Other News Materials 18 April 2008 12:58 (UTC +04:00)

(dpa) - The European Union's interior ministers were set Friday to discuss how the bloc should deal with US demands for access to security information on EU citizens travelling to the US.

US demands that the EU provide such information in return for issuing the traveller with an electronic travel authorization "are not possible for negotiations because that is the law in the US, and we must apply that," Slovenia's Interior Minister Dragutin Mate, who chaired the meeting, said.

"We must now find solutions to what kind of data, under what conditions and how we will apply that," Mate said.

Under the EU's Schengen border-free system, member states share security and justice information, such as criminal records, on travellers in a single data-base.

However, while some Schengen states already enjoy a visa-free travel regime with the US, the newer members in Central and Eastern Europe do not.

The EU has promised to address this inequality on behalf of member states, but progress has been slow, and member states have not yet mandated the European Commission - the bloc's executive - to hold talks with the US government on the issue.

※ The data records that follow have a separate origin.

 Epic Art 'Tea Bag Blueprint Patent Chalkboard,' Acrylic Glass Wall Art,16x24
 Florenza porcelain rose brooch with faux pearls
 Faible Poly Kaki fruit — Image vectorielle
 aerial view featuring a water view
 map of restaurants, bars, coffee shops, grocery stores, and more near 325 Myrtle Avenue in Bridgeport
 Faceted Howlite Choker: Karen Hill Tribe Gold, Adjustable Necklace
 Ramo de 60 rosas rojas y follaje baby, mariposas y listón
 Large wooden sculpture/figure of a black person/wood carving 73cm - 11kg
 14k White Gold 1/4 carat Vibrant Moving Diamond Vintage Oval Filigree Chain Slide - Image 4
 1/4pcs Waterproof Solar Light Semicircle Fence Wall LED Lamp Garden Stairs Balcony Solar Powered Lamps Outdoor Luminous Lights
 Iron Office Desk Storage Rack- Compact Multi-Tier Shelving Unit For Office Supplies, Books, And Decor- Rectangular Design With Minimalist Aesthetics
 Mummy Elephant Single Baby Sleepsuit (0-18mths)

In the meantime, a number of new member states - the Czech Republic and the Baltic states among them - have signed bilateral deals with the US paving the way for visa-free travel, saying that the EU-level approach has simply been too slow.

Talks are complicated because some of the passenger data demanded by the US security services are the preserve of EU member states, while other data are held to be the common property of the EU - and can therefore only be surrendered with the agreement of all members.

"If someone has stolen a car, it's national data, even if it's sent to the (Schengen information system), but data on, for example, refusing people for visas, that's European data," Mate said.

But it is "very hard" to list all the fields of data which fall in either category because ministers have not yet mandated the commission to hold talks with the US, he said.